__Exercise directions__:
Where the line containing "Ponce Inlet listing" appears in the entries below, start there and print only that line and every line after it, exactly, through the end, excluding pictures.

__Exercise inputs__:
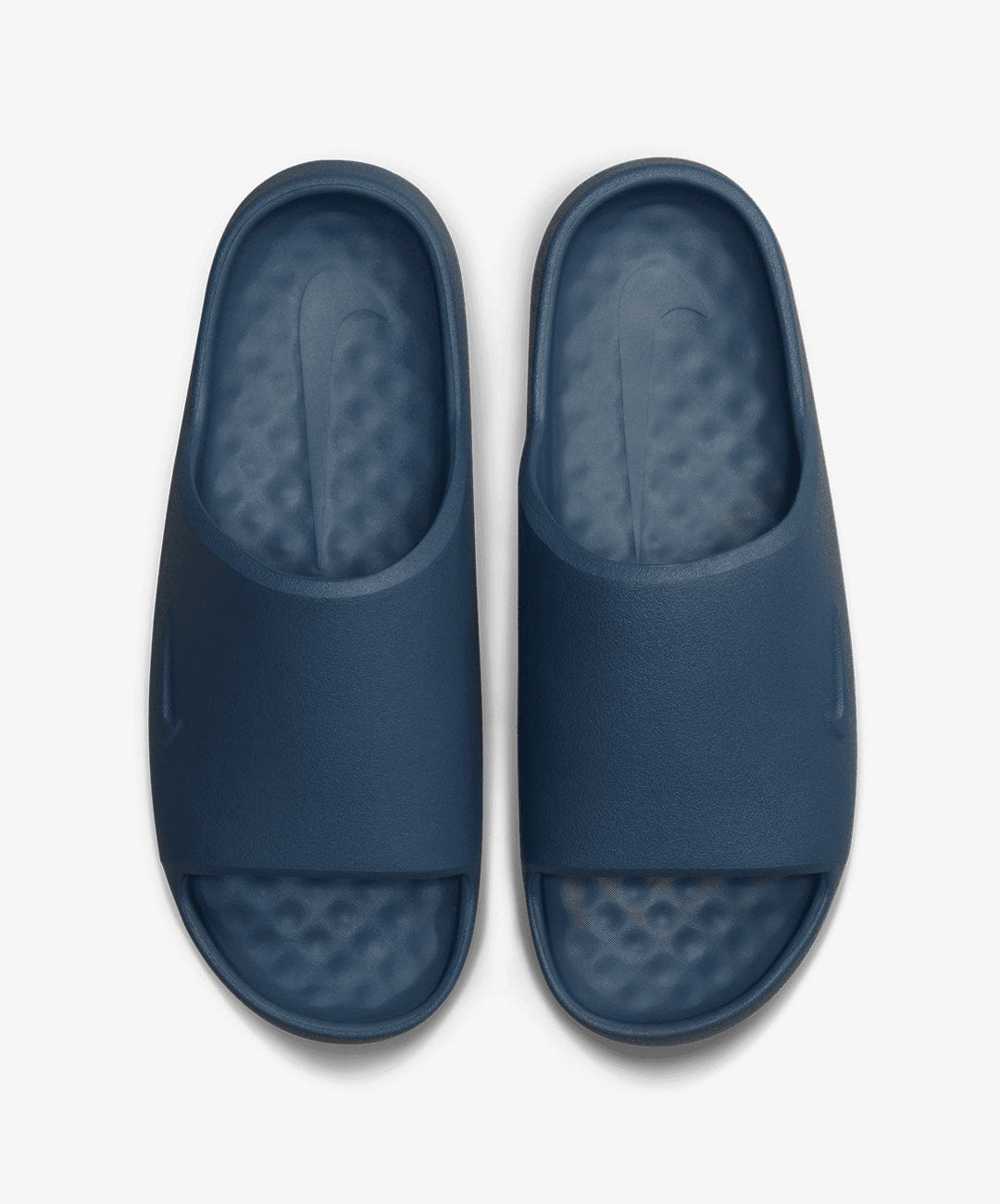 NIKE | CALM 2.0 { DIFFUSED BLUE/DIFFUSED BLUE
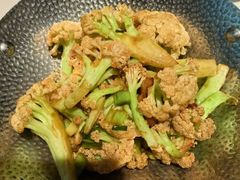 -外婆家(西红门荟聚购物中心店)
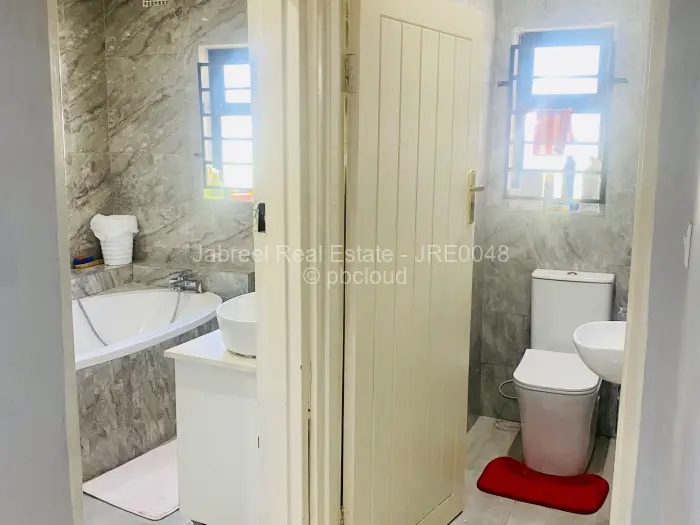 4 Bedroom House for Sale in Norton, Norton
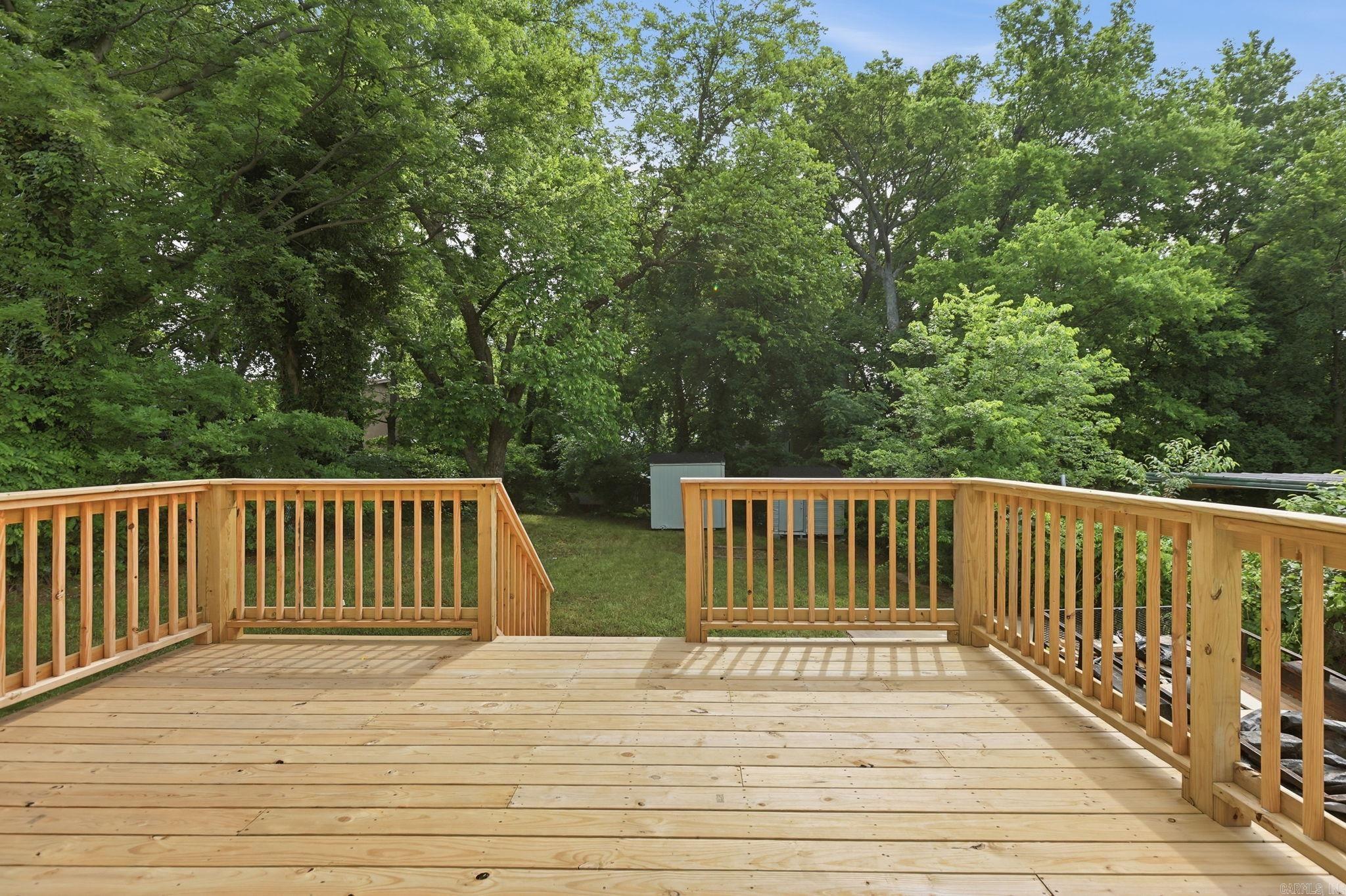 2217 SCOTT Little Rock, AR 72206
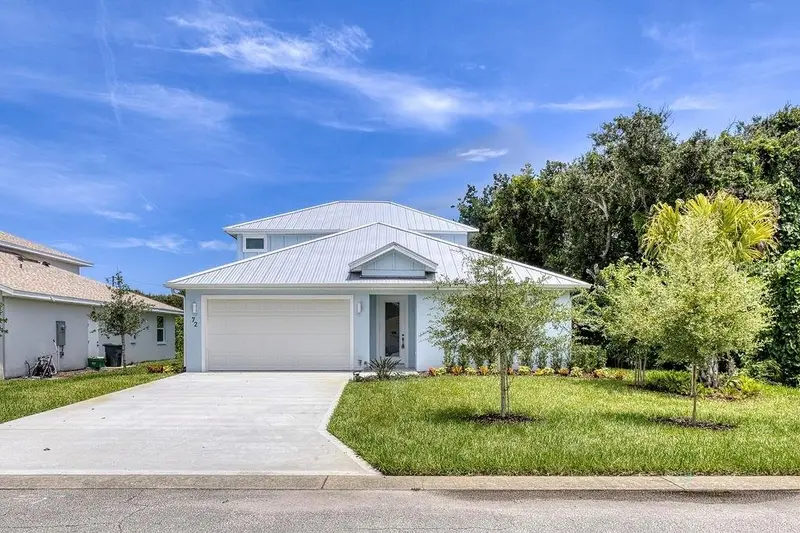 Ponce Inlet listing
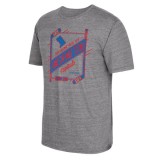 Washington Capitals tricou de bărbați Our Home Our Ice - XL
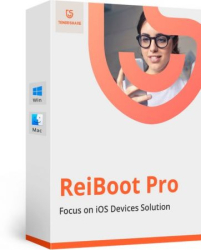 : Tenorshare ReiBoot Pro hidden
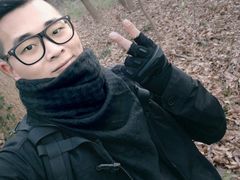 -南京金牛湖风景区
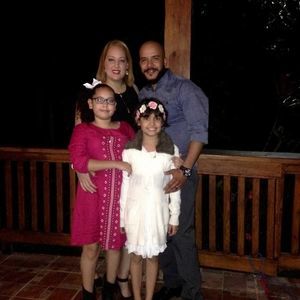 Meet your Posher, Luz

__Response below__:
 Ponce Inlet listing
 Washington Capitals tricou de bărbați Our Home Our Ice - XL
 : Tenorshare ReiBoot Pro hidden
 -南京金牛湖风景区
 Meet your Posher, Luz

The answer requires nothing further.